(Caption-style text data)

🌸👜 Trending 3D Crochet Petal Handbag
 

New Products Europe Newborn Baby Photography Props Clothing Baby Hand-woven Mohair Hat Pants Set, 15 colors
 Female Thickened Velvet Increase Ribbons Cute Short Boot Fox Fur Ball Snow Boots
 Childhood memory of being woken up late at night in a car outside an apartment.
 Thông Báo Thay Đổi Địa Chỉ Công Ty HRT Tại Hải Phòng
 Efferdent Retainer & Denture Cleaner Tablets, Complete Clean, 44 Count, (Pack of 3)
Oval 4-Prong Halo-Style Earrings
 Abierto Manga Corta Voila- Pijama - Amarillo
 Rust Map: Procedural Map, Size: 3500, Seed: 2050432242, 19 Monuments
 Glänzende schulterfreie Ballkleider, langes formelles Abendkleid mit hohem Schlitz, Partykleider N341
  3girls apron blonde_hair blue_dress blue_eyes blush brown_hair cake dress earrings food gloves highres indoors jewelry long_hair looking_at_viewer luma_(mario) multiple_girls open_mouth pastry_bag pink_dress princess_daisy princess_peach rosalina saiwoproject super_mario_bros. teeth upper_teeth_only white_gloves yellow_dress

• What you are asked to do:
Beginning at the top of the records above, transcribe each line exactly up to and including the line that holds "Oval 4-Prong Halo-Style Earrings".

• Written reply:
🌸👜 Trending 3D Crochet Petal Handbag
 

New Products Europe Newborn Baby Photography Props Clothing Baby Hand-woven Mohair Hat Pants Set, 15 colors
 Female Thickened Velvet Increase Ribbons Cute Short Boot Fox Fur Ball Snow Boots
 Childhood memory of being woken up late at night in a car outside an apartment.
 Thông Báo Thay Đổi Địa Chỉ Công Ty HRT Tại Hải Phòng
 Efferdent Retainer & Denture Cleaner Tablets, Complete Clean, 44 Count, (Pack of 3)
Oval 4-Prong Halo-Style Earrings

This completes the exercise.